建設中の伊豆縦貫道河津下田道路(2019年5月27日撮影。)

337

林道に入って目指す地点はおなじみ「地理院地図」の標高337と書かれているあたり。実際の平面上の目印としては、林道が大きく右方向に向かって折れ曲がっており、その逆方向、つまり左手側にオレンジ色のカーブミラーがポツンと一本地面に突き刺さっているだけである。今回はこのカーブミラーの内側少し広くなったところに車を置き、そこから大鍋川本体に向かう。大鍋川は今いる林道から見て谷の下にあるため、今からそちらを目指して急坂を降りることとなる。
午前11時、いつものようにウェーダー、フローティングベスト、ヘルメットに身を包み早速、斜面を降り始める。ここの斜面はガレ場となっており幾分歩きにくいため慎重に歩を進める。

大鍋川の谷に思うこと

この大鍋川の谷についてだが、今回使用した林道のある北側斜面は急激な傾斜地となっていて、岩盤剥き出しのところも多い。その剥き出しの岩盤はときに「崩落」という形で上方向から下方向への移動を行っている。この崩落という現象によって、落石、落石の激突、ガレの発生といった現象が不定期的に行われているため、ここは決して安全な場所とは言い難い。特に、あらゆる業種にとっての作業道となる林道にしてみれば、落石は交通の妨げとなるため仮にも直撃しなければ良いという問題だけではないのだ。そういった問題を半強制的に抑制する建設技術がある昨今において、あえてそこに乗り出さず自然ありのままの姿をできる限り残していること、これは素晴らしいことである思う。私は伊豆半島のみならず各地の山に出向くのだがいわゆるこのような崩落危険箇所、落石危険箇所というのは法覆工で固めきられてしまった場所が多く、景観を損なっている。
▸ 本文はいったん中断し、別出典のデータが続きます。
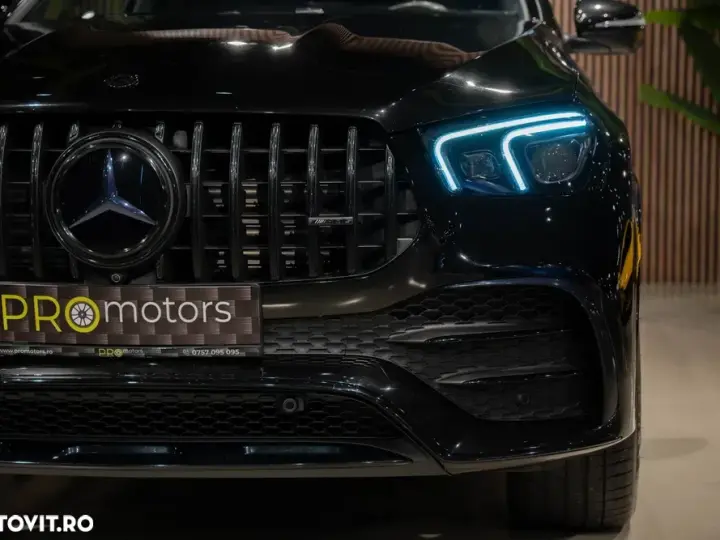 Mercedes-Benz GLE Coupe AMG 53 MHEV 4MATIC+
コンクリートで塗り固められてしまった崖というのは白く無骨で、無残なことこの上ない。そこまでして、自然の姿を醜くしておきながらさらに最後のだめ押しとばかりに「落石注意」などという看板により心理的圧迫感に満ちた言葉を放ったとすれば、その地を訪れた者はその気持ち悪さに、ヒェー!!と足早、その場を通り過ぎ去るであろう。

この大鍋川の林道では、奥地にあるワサビ農家さんとよく車ですれ違うが、その人らはどのような考えで、この林道を将来に向かって受け継いでいこうとお考えなのであろうか?毎日のようにこの危険地帯を通り過ぎ、ワサビ田に向かうのだ。自然の景観としては美しいことこの上ないこの大鍋川の谷に幸せを感じながら毎日作業に向かうのであろうか?

私自身においては毎回ここを幸せな気持ちで利用させてもらっている。

大鍋林道

美しい自然景観を残すために

そんなことを考えながらガレ場を降りきると渓畔林に覆われた平坦地帯に出る。左手方向に見える大鍋川の清冽な流れをさかのぼるようにして少し歩くと堤体本体にたどり着くことが出来る。堤高は10メートル程度とこの大鍋川の深い谷に対比すれば決して高くは無いのだが、渓畔林の樹冠の高さと比べたときにそのことが放水路天端の見やすさに一役買っていて相対的なバランスとしては良い。堤体左前方には小さなゴロ石畑が広がっていて、それらが上方の渓畔林の切れ目からの日の光を浴びて、まるで生き物のようにコケの冠をかぶったその顔でこちらに語りかけてくる。
とても美しいところであり、多くの方に同地への訪問をおすすめしたいのだが、道中に前述したとおりの危険箇所を含んだ行程となっている。そのことに納得していただいた上でご自身にとっても他人にとっても迷惑とならないよう徹底した安全管理のもと楽しんでいただくのが理想だ。私自身においては絶対にここでは事故を起こしてはならないと肝に銘じている。当たり前である。こんなにも美しい自然景観がコンクリートで塗り固められる日などとうてい受け入れられないことなのだ。